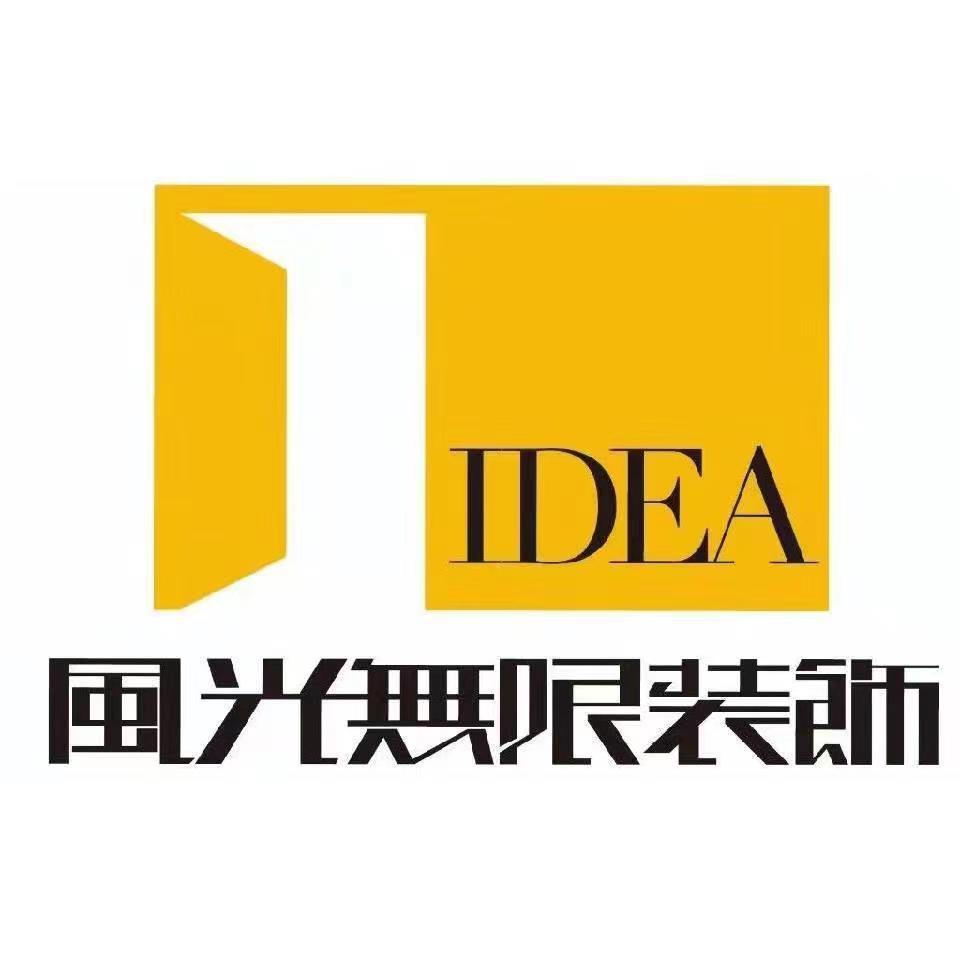 丹东风光无限装饰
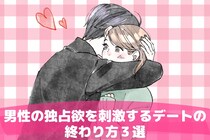 「もっと傍に居て…」男性の独占欲を刺激するデートの終わり方３選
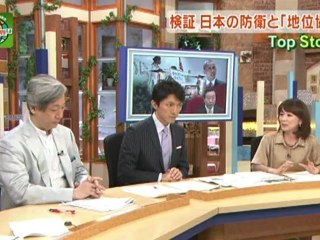 オスプレイ　検証/米軍機事故と日本の防衛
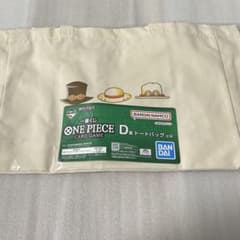 【即日発送】ワンピース一番くじ D賞 トートバッグ 新品未開封のサムネイル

Exercise:
Please transcribe the listing exactly as it stands, but omit its pictures.

Solution to this exercise:
 丹东风光无限装饰
 「もっと傍に居て…」男性の独占欲を刺激するデートの終わり方３選
 オスプレイ　検証/米軍機事故と日本の防衛
 【即日発送】ワンピース一番くじ D賞 トートバッグ 新品未開封のサムネイル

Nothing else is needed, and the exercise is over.